Kyle, I may be mistaken here, but I don't believe anyone is truly laughing the matter off. There may have been some remarks about second or third parties, but the fact does remain these are the areas which current concerns still lay. -- Robert Miller (arch3angel) On 6/24/12 1:02 AM, Kyle Creyts wrote:
I would suggest that multiple models be pursued (since each appears to have a champion) and that the market/drafting process will resolve the issue of which is better (which is okay by me: widespread adoption of any of the proposed models would advance the state of the norm; progress beats the snot out of stagnation in my book)

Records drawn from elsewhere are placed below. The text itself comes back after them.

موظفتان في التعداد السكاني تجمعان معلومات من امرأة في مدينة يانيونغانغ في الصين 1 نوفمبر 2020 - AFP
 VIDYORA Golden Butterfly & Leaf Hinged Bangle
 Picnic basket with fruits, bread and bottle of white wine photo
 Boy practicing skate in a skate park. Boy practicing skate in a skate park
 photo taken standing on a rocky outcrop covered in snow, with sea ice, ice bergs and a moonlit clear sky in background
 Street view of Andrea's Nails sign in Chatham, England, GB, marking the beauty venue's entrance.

My earlier replies were reprehensible. This is not a thread that should just be laughed off. Real progress may be occurring here, and at the least, good knowledge and discussion is accumulating in a way which may serve as a resource for the curious or concerned. On Jun 22, 2012 7:25 AM, "Leo Bicknell" <bicknell@ufp.org> wrote:
In a message written on Thu, Jun 21, 2012 at 04:48:47PM -1000, Randy Bush wrote:
there are no trustable third parties With a lot of transactions the second party isn't trustable, and sometimes the first party isn't as well. :)
In a message written on Thu, Jun 21, 2012 at 10:53:18PM -0400, Christopher Morrow wrote:
note that yubico has models of auth that include: 1) using a third party 2) making your own party 3) HOTP on token 4) NFC
they are a good company, trying to do the right thing(s)... They also don't necessarily want you to be stuck in the 'get your answer from another' Requirements of hardware or a third party are fine for the corporate world, or sites that make enough money or have enough risk to invest in security, like a bank.
Requiring hardware for a site like Facebook or Twitter is right out. Does not scale, can't ship to the guy in Pakistan or McMurdo who wants to sign up. Trusting a third party becomes too expensive, and too big of a business risk.
There are levels of security here. I don't expect Facebook to take the same security steps as my bank to move my money around. One size does not fit all. Making it so a hacker can't get 10 million login credentials at once is a quantum leap forward even if doing so doesn't improve security in any other way.
The perfect is the enemy of the good.